Regarding an association with inflammatory markers, it has been reported that hippocampal atrophy estimated with VSRAD was associated with hs-CRP [43] and adiponectin levels [44]. Associations of hs-CRP and adiponectin with hippocampal atrophy were not found in the present study. However, since it has been reported that markers of low-grade inflammation and endothelial dysfunction were related to cognitive impairment [45], it is likely that inflammatory changes might have some effects on brain atrophy.
Another characteristic finding of our study was that hippocampal and whole brain atrophy estimated with VSRAD were well correlated with a variety of cognitive function indicators - decreased word recall for hippocampal atrophy and worsened DSST and Stroop test in addition to word recall for whole brain atrophy. However, the free VSRAD software was developed as a tool for VBM using data from a Japanese database so if it is going to be used for people of other ethnic groups, it will be necessary to modify the software to suit databases for such people [46]. Although VBM comparison methods also require spatial normalization and registration of the brain to a standard template, simple and easy-to-use tools like VSRAD should provide useful information regarding diagnosis of Alzheimer’s disease and future decline in cognitive function in the everyday clinical setting. Now, we are investigating whether brain atrophy estimated with VSRAD can predict cognitive decline.

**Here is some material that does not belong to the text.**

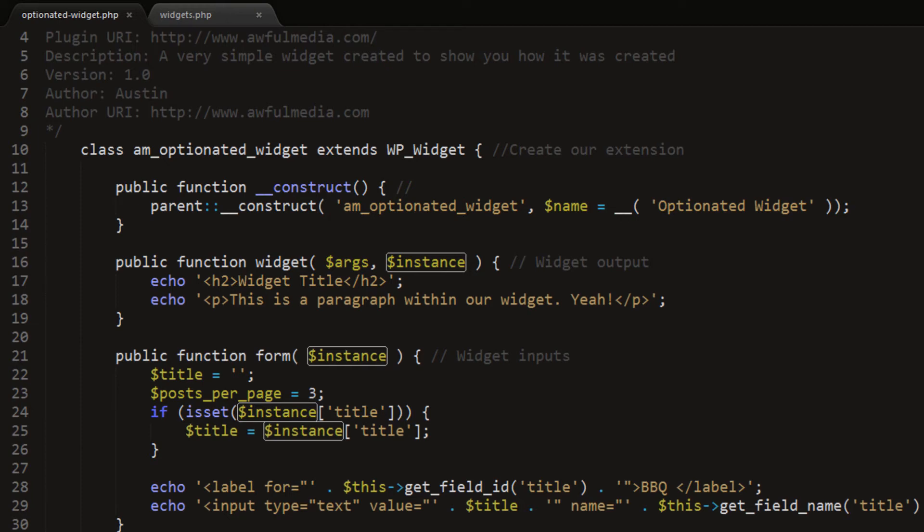Ladies and gentlemen, my name is Austin from awfulmedia.com and this is part three of the WordPress widget options tutorial series. This should not be a long series at all, but I do want to show you all I can and get you to a point where you can actually use it in a real world type of thing.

Several limitations of this study should be taken into consideration. It was a small-scale hospital-based cross-sectional study and treatment according to the guidelines may have influenced the results. Also, cognitive impairment due to vascular cognitive impairment was indistinguishable from that due to Alzheimer’s disease.
In conclusion, albuminuria was an independent risk factor for brain atrophy, especially hippocampal atrophy, which was associated with cognitive impairment, suggesting that management of albuminuria at the early stage may prevent progression of brain atrophy resulting in cognitive decline. In addition, in the daily clinical setting the usefulness of VSRAD in supporting diagnosis of cognitive impairment associated with brain atrophy was demonstrated.
This research was supported by research funds to promote hospital function from the Japan Labor Health and Welfare Organization.